What Are BGP Path Attributes?
BGP (Border Gateway Protocol) is a path vector protocol. Unlike OSPF or EIGRP, which build a topology map based on link-state or distance-vector, BGP carries a set of attributes with each route. These attributes describe the path to a destination network. BGP routers use these attributes to implement routing policies and to select the single best path among multiple paths to the same prefix.
Attributes fall into four categories: - Well-known mandatory: Must be present in all BGP updates. They are AS_PATH, NEXT_HOP, and ORIGIN. - Well-known discretionary: Recognized by all BGP routers, but not required in every update. They are LOCAL_PREF, ATOMIC_AGGREGATE, and AGGREGATOR. - Optional transitive: May not be recognized by all BGP implementations, but if unrecognized, the attribute is still passed along (transitive). Examples: COMMUNITY and the extended community set. - Optional non-transitive: If not recognized, the attribute is not passed to peers. Example: MULTI_EXIT_DISC (MED).
Why Path Attributes Matter
In a typical enterprise or service provider network, BGP is used to connect to the internet or to multiple ISPs. Without attributes, BGP would have no way to prefer one path over another – it would simply accept all routes and possibly install the first one learned. Attributes allow network engineers to influence inbound and outbound traffic flows. For example, you can set LOCAL_PREF to prefer a specific ISP for outbound traffic, or set MED to influence an ISP's inbound traffic to your network.
BGP Best Path Selection Algorithm
The BGP best path selection algorithm is a sequence of comparisons. When a BGP router has two or more paths to the same prefix, it compares them attribute by attribute until one path wins. The algorithm steps are:
Prefer the path with the highest Weight (Cisco proprietary, local to router).
Prefer the path with the highest LOCAL_PREF.
Prefer the path that was originated by the local router (via network or aggregate command).
Prefer the path with the shortest AS_PATH.
Prefer the path with the lowest ORIGIN type (IGP < EGP < incomplete).
Prefer the path with the lowest MED (Multi-Exit Discriminator).
Prefer eBGP over iBGP.
Prefer the path with the lowest IGP metric to the NEXT_HOP.
If both paths are eBGP, prefer the oldest route (received earliest).
Prefer the path from the peer with the lowest Router ID.
Prefer the path from the peer with the lowest Peer IP address.
Detailed Look at Key Attributes
#### AS_PATH
AS_PATH is a sequence of AS numbers that a route has traversed.
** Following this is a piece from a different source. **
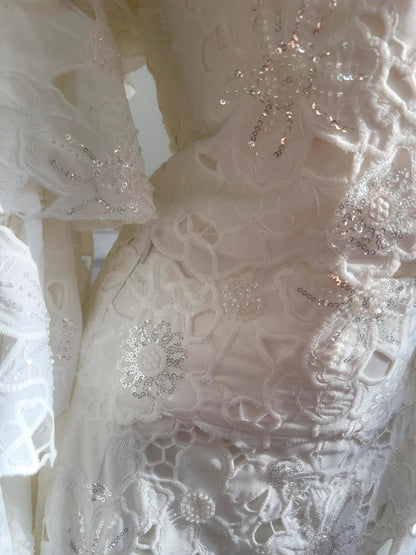 Elegantes weißes Meerjungfrauen-Abendkleid, schulterfrei, mit Spitze, lang, für den Abschlussball P4051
It is used for loop prevention and path selection (shorter path preferred). The AS_PATH can be of type AS_SEQUENCE (ordered list) or AS_SET (unordered, used in aggregation). On Cisco IOS, you can manipulate AS_PATH using set as-path prepend in route maps.
#### NEXT_HOP
NEXT_HOP is the IP address of the next-hop router that should be used to reach the destination. For eBGP, the next hop is typically the IP address of the peer router. For iBGP, the next hop is the same as the eBGP next hop (by default). This attribute is crucial because BGP installs routes into the routing table only if the next hop is reachable (via an IGP or static route).
#### ORIGIN
ORIGIN indicates how BGP learned about the route. It can be:
- IGP (value 0): Route originated via the network command.
- EGP (value 1): Route learned from EGP (obsolete).
- Incomplete (value 2): Route learned via redistribution.
Cisco prefers IGP over EGP over incomplete.
#### LOCAL_PREF
LOCAL_PREF is a well-known discretionary attribute. It is used to influence outbound traffic from an AS. It is advertised to iBGP peers but not to eBGP peers (unless explicitly configured). Higher LOCAL_PREF is preferred. Default value is 100 on Cisco routers.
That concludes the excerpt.